* WHAT IS BEING ASKED
Give again, word for word, each line from the top of the listing through the line that holds "Porte-clés mural en bois fractal".

* * * * * * *

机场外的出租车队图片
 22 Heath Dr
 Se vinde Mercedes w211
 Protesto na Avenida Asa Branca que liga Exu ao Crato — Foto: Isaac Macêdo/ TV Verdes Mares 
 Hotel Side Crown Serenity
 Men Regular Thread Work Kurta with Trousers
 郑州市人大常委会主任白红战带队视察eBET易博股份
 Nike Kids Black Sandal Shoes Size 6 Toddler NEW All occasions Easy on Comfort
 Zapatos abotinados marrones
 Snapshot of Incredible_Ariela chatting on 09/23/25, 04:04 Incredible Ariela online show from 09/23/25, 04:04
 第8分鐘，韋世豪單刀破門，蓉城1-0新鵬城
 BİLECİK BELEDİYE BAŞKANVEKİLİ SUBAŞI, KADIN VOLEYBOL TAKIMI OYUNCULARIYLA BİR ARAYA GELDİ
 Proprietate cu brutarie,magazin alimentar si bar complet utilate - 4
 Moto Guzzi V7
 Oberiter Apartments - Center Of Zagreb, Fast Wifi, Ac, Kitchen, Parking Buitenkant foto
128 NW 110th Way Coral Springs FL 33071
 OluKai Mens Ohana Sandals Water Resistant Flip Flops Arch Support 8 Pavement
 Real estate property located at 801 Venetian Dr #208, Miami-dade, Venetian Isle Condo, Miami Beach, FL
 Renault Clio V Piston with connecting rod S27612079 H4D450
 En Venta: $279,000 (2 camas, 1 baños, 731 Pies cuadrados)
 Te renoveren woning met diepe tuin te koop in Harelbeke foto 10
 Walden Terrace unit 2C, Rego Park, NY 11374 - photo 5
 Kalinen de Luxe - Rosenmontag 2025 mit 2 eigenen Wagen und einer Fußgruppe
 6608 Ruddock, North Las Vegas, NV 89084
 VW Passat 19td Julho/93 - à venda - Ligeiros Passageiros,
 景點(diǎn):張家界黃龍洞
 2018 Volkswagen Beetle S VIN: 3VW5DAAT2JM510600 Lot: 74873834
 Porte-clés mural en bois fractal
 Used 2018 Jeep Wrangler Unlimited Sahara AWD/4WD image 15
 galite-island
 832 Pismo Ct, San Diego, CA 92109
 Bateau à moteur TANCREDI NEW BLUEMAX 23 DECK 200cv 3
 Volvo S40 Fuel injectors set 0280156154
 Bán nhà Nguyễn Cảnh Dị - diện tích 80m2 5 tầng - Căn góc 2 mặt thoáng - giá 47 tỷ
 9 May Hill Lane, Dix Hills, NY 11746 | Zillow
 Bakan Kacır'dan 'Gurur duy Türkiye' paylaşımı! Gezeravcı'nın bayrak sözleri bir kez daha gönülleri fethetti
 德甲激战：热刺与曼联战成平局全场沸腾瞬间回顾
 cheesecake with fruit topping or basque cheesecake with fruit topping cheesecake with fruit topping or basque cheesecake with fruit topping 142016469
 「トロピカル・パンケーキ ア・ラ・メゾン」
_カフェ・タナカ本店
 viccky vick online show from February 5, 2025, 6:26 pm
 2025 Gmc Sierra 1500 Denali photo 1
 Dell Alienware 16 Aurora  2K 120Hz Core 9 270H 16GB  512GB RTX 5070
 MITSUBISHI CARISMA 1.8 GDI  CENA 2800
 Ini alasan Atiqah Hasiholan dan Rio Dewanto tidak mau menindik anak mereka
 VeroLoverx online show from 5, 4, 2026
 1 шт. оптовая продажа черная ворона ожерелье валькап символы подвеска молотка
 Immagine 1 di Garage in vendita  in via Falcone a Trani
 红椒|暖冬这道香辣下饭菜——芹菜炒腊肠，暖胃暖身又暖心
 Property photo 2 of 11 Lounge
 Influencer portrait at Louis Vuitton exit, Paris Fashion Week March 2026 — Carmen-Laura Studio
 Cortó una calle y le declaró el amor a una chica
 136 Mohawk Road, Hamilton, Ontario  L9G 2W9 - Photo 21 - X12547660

* * * * * * *

* WRITTEN SOLUTION
机场外的出租车队图片
 22 Heath Dr
 Se vinde Mercedes w211
 Protesto na Avenida Asa Branca que liga Exu ao Crato — Foto: Isaac Macêdo/ TV Verdes Mares 
 Hotel Side Crown Serenity
 Men Regular Thread Work Kurta with Trousers
 郑州市人大常委会主任白红战带队视察eBET易博股份
 Nike Kids Black Sandal Shoes Size 6 Toddler NEW All occasions Easy on Comfort
 Zapatos abotinados marrones
 Snapshot of Incredible_Ariela chatting on 09/23/25, 04:04 Incredible Ariela online show from 09/23/25, 04:04
 第8分鐘，韋世豪單刀破門，蓉城1-0新鵬城
 BİLECİK BELEDİYE BAŞKANVEKİLİ SUBAŞI, KADIN VOLEYBOL TAKIMI OYUNCULARIYLA BİR ARAYA GELDİ
 Proprietate cu brutarie,magazin alimentar si bar complet utilate - 4
 Moto Guzzi V7
 Oberiter Apartments - Center Of Zagreb, Fast Wifi, Ac, Kitchen, Parking Buitenkant foto
128 NW 110th Way Coral Springs FL 33071
 OluKai Mens Ohana Sandals Water Resistant Flip Flops Arch Support 8 Pavement
 Real estate property located at 801 Venetian Dr #208, Miami-dade, Venetian Isle Condo, Miami Beach, FL
 Renault Clio V Piston with connecting rod S27612079 H4D450
 En Venta: $279,000 (2 camas, 1 baños, 731 Pies cuadrados)
 Te renoveren woning met diepe tuin te koop in Harelbeke foto 10
 Walden Terrace unit 2C, Rego Park, NY 11374 - photo 5
 Kalinen de Luxe - Rosenmontag 2025 mit 2 eigenen Wagen und einer Fußgruppe
 6608 Ruddock, North Las Vegas, NV 89084
 VW Passat 19td Julho/93 - à venda - Ligeiros Passageiros,
 景點(diǎn):張家界黃龍洞
 2018 Volkswagen Beetle S VIN: 3VW5DAAT2JM510600 Lot: 74873834
 Porte-clés mural en bois fractal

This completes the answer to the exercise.